The present invention relates generally to systems and methods for depth mapping, and particularly to time-of-flight sensing.

BACKGROUND

Time-of-flight (TOF) imaging techniques are used in many depth mapping systems (also referred to as 3D mapping or 3D imaging systems). In direct TOF techniques, a light source, such as a pulsed laser, directs pulses of optical radiation toward the scene that is to be mapped, and a high-speed detector senses the time of arrival of the radiation reflected from the scene.

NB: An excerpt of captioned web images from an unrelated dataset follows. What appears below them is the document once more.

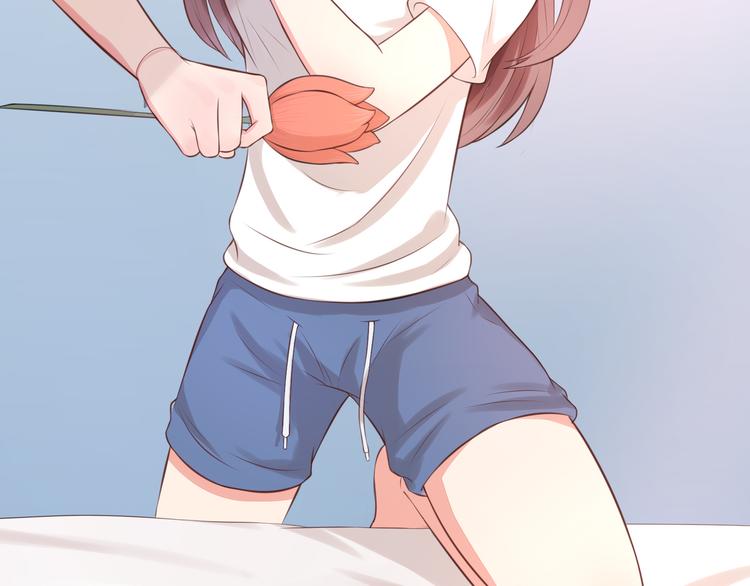 第6话  混蛋！还我初吻(1/3)-第7话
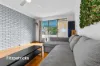 5/9 Nordlingen Drive, Tolland, NSW 2650-Image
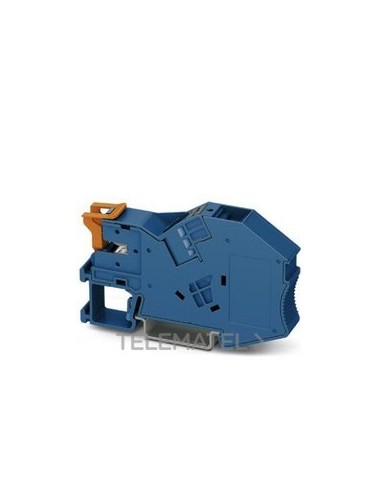 BNE.INST.PTI 16-NLS-FI BU CX.PUSH-IN 0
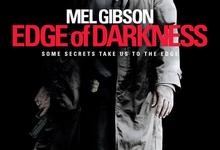 黑暗边缘.2010.1080p.国语英语.中英双字-夸克影视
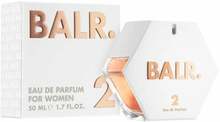 Balr. 2 EDP 50 ml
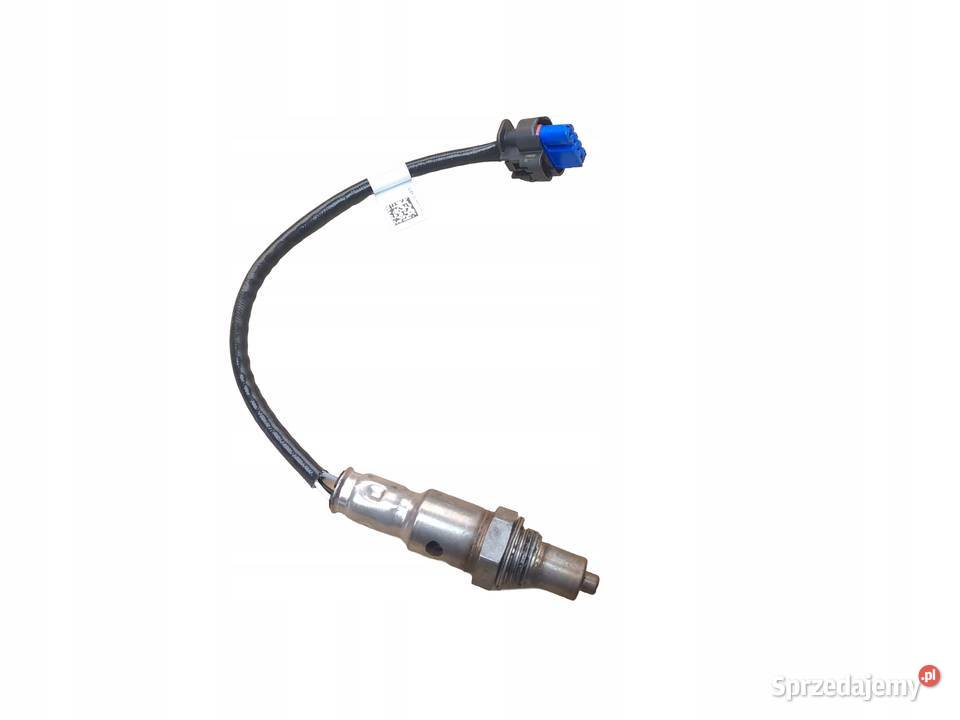 Sonda lambda Ford Explorer ST Lincoln Aviator 30 Zielonki sprzedam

The depth value at each pixel in the depth map is derived from the difference between the emission time of the outgoing pulse and the arrival time of the reflected radiation from a corresponding point in the scene, which is referred to as the “time of flight” of the optical pulses.

Single-photon avalanche diodes (SPADs), also known as Geiger-mode avalanche photodiodes (GAPDs), are detectors capable of capturing individual photons with high time-of-arrival resolution, of the order of few tens of picoseconds. They may be fabricated using dedicated semiconductor processes or with standard CMOS technologies. Arrays of SPAD sensors, fabricated on a single chip, are used in some 3D imaging cameras.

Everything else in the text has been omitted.